De werkgever is verplicht tot naleving van de voorschriften en verboden welke bij of krachtens dit besluit zijn vastgesteld, met uitzondering van de artikelen 1.25, 2.26 tot en met 2.29, 2.32 tot en met 2.34 en 7.21.
Artikel 9.9b van het Arbeidsomstandighedenbesluit.
1. Als overtreding ter zake waarvan een bestuurlijke boete kan worden opgelegd, wordt aangemerkt de handeling of het nalaten in strijd met de voorschriften welke zijn opgenomen in de volgende artikelen:
d. van hoofdstuk 4: de artikelen […] 4.45, eerste lid, […];
g. van hoofdstuk 7: de artikelen […] 7.3 […], 7.17c tot en met 7.18a […];
Artikel 1, elfde lid, van de Beleidsregel boeteoplegging arbeidsomstandighedenwetgeving.
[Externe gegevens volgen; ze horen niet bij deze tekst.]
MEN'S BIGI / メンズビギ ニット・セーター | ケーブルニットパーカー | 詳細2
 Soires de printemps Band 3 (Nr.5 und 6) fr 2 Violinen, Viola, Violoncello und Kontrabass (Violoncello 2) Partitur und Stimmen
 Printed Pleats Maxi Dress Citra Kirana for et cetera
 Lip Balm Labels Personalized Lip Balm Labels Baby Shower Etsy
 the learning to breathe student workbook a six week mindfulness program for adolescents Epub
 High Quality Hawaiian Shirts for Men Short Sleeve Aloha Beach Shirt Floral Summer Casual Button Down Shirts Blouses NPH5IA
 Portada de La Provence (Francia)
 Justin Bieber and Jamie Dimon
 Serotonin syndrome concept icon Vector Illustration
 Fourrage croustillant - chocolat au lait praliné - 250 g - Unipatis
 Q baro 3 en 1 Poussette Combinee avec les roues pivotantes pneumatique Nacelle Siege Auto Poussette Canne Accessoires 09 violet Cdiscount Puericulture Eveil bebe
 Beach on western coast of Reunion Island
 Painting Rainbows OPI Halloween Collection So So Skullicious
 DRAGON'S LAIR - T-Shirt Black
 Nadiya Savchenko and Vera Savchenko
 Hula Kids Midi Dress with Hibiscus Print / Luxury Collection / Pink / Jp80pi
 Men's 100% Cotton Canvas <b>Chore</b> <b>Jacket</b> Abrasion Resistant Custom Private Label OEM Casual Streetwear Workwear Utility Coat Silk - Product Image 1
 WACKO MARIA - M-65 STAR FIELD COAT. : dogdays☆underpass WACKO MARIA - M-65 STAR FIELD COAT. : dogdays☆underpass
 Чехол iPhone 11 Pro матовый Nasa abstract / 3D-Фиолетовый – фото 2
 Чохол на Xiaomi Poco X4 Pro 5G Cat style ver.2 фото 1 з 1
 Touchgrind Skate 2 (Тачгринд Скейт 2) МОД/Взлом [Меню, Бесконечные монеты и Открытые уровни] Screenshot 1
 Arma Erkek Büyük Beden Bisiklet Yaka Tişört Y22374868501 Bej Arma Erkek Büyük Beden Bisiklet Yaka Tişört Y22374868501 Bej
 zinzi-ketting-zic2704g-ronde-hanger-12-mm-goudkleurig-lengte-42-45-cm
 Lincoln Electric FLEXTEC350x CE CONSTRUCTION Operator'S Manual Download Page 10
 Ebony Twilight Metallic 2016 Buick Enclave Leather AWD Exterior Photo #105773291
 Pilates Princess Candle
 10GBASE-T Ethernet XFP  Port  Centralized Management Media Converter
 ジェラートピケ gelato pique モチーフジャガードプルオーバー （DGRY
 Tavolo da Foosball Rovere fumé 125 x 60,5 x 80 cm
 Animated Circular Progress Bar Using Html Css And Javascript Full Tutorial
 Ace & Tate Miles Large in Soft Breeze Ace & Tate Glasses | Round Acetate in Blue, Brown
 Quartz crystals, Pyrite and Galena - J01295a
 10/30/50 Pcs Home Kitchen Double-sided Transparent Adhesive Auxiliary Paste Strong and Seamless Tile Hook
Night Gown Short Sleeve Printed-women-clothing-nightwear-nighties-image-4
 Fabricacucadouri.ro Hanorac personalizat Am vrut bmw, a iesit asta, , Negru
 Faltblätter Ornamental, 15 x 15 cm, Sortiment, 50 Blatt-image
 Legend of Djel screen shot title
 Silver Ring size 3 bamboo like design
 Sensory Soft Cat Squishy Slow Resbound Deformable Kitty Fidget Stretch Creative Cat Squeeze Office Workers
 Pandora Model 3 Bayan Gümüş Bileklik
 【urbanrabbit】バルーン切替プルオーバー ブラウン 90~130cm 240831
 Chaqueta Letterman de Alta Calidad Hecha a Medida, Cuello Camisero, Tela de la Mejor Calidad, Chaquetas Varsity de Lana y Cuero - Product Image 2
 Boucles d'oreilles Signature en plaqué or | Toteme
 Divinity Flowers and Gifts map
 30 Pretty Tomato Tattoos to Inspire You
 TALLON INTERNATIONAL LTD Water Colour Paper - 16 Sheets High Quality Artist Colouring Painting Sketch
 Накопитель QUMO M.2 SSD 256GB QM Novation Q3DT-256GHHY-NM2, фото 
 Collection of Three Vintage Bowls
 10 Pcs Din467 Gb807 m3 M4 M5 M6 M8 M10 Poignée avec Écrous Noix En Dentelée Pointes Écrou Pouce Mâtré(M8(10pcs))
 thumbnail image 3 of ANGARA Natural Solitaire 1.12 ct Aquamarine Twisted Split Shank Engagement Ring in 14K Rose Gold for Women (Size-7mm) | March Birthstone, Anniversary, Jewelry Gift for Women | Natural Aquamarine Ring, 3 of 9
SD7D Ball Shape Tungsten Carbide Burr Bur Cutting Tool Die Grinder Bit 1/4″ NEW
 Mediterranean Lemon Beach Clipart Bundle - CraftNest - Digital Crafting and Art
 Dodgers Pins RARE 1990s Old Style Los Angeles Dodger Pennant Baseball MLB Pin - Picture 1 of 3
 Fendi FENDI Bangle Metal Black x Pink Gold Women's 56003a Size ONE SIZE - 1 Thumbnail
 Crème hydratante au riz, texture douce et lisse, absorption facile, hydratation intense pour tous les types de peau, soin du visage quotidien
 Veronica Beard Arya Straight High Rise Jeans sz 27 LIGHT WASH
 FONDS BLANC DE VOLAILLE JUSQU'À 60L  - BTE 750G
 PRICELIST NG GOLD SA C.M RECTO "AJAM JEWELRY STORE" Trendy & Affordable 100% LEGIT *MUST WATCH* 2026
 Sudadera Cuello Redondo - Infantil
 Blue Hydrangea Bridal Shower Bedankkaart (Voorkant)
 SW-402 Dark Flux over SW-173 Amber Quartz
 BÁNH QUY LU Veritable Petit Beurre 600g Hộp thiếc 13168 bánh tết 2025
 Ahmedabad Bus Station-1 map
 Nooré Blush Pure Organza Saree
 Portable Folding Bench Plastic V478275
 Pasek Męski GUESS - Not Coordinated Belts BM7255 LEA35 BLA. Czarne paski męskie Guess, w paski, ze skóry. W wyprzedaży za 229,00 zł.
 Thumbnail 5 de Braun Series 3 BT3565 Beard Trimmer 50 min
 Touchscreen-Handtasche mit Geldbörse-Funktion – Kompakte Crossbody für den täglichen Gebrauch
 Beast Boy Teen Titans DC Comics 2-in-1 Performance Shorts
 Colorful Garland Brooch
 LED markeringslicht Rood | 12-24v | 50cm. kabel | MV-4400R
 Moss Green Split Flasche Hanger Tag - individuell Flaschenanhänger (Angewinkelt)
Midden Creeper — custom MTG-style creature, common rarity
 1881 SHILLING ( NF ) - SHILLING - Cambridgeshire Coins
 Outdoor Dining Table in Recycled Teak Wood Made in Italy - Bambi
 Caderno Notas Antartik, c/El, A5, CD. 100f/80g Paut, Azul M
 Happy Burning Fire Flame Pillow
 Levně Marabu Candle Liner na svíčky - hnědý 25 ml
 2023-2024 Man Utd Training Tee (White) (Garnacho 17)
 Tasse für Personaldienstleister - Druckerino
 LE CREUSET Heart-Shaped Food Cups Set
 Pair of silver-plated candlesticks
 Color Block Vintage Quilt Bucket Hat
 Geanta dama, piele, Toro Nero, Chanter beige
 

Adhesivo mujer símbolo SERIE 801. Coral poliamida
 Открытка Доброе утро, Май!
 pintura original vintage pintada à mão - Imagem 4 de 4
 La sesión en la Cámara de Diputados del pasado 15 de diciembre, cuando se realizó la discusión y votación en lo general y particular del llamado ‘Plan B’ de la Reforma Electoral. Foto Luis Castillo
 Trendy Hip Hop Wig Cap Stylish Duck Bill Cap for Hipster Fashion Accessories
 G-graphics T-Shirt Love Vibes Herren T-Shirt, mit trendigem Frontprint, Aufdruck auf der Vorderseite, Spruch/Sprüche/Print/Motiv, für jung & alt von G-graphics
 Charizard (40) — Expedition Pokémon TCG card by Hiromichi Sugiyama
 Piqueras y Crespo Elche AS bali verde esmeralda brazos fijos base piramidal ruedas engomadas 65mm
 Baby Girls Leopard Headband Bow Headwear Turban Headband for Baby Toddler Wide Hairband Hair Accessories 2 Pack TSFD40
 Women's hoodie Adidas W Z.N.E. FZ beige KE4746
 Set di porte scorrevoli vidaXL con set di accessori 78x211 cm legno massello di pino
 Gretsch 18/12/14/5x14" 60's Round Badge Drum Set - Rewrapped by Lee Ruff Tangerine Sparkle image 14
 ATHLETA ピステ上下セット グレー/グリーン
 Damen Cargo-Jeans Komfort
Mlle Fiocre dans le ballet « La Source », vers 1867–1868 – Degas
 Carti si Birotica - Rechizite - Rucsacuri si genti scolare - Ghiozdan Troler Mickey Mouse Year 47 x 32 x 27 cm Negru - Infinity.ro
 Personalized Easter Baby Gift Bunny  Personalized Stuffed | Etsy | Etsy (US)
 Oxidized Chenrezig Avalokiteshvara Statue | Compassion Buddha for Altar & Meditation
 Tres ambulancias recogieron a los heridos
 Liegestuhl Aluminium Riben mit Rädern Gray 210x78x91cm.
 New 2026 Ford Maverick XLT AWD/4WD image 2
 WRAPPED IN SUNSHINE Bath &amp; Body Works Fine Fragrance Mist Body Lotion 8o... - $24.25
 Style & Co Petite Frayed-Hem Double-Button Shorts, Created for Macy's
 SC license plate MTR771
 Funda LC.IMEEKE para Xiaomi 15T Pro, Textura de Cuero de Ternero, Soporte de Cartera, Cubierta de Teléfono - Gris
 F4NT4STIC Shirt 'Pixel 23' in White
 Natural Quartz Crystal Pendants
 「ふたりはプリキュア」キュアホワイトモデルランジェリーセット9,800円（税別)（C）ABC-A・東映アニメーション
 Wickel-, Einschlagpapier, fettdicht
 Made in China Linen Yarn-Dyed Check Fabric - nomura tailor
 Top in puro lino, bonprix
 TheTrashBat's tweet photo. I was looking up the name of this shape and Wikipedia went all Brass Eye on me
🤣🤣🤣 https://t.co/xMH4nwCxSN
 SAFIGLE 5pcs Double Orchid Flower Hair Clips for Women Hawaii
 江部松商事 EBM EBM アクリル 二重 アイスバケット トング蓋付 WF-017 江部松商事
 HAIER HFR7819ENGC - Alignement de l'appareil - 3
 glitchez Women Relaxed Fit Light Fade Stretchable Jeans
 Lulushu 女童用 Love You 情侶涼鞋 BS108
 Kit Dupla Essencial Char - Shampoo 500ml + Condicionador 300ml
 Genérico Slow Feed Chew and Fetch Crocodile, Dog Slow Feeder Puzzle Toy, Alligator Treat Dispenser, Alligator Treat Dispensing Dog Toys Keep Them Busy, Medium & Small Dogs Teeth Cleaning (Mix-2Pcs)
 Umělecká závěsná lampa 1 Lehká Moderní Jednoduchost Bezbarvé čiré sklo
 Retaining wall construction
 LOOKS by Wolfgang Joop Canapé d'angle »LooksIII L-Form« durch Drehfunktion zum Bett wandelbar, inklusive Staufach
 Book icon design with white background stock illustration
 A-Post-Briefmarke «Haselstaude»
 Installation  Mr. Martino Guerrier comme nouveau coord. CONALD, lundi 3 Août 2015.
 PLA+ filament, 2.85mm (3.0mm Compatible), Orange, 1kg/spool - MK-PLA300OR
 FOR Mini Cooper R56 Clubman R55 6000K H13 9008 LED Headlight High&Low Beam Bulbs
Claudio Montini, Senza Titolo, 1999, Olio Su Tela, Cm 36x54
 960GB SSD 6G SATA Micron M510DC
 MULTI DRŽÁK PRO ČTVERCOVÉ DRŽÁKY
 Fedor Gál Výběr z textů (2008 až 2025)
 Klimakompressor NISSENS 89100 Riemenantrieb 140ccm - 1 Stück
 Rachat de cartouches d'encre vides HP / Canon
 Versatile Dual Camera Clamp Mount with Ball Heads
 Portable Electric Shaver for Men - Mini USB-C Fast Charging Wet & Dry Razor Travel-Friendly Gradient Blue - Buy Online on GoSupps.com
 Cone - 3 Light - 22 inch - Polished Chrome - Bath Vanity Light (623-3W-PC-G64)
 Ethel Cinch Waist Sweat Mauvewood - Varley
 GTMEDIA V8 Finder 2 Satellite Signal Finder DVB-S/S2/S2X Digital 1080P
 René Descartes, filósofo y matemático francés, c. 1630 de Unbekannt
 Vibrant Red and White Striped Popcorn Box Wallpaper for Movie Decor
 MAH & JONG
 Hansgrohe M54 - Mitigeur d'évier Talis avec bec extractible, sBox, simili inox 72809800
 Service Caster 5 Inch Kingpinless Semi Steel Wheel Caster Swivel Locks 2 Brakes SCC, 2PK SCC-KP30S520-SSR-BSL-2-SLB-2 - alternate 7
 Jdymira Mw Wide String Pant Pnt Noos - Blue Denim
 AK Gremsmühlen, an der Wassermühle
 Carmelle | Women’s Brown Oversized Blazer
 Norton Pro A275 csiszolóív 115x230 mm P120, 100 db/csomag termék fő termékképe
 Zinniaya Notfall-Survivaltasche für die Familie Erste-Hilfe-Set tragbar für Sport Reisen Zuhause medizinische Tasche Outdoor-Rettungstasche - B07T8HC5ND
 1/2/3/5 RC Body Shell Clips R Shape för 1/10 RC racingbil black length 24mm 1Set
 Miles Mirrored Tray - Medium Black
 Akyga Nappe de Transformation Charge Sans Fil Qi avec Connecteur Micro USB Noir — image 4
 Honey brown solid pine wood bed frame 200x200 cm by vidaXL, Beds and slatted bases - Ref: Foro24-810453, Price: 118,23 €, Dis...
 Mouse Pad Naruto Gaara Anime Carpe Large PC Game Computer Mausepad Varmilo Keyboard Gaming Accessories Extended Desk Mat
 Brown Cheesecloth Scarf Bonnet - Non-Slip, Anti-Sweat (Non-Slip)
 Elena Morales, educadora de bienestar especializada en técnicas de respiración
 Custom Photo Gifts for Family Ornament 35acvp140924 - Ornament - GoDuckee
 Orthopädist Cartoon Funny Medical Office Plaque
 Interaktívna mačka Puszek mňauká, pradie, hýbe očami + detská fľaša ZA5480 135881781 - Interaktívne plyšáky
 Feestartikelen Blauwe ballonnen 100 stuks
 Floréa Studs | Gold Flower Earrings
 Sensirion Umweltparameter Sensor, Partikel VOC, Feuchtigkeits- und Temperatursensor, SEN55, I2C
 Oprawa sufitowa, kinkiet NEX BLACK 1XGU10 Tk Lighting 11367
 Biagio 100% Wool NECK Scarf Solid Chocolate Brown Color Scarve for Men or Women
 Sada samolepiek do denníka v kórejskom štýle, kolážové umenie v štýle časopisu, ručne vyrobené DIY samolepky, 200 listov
11. Indien de werkgever aantoont dat hij inspanningen heeft verricht, gericht op het voorkomen van de overtreding in het concrete geval, kan dit leiden tot matiging van het al dan niet op bedrijfsgrootte gecorrigeerde normbedrag. De volgende inspanningen kunnen leiden tot een matiging van 25% per onderdeel:
a. als de risico’s van de concrete werkzaamheden voldoende zijn geïnventariseerd en een veilige werkwijze is ontwikkeld die voldoet aan de vereisten van het bepaalde bij of krachtens de Arbeidsomstandighedenwet;
b .als de noodzakelijke randvoorwaarden zijn gecreëerd voor het toepassen van een veilige werkwijze;
c. als er adequate instructies zijn gegeven;
d. als er adequaat toezicht is gehouden.
Artikel 8:72a van de Algemene wet bestuursrecht.
Indien de bestuursrechter een beschikking tot het opleggen van een bestuurlijke boete vernietigt, neemt hij een beslissing omtrent het opleggen van de boete en bepaalt hij dat zijn uitspraak in zoverre in de plaats treedt van de vernietigde beschikking.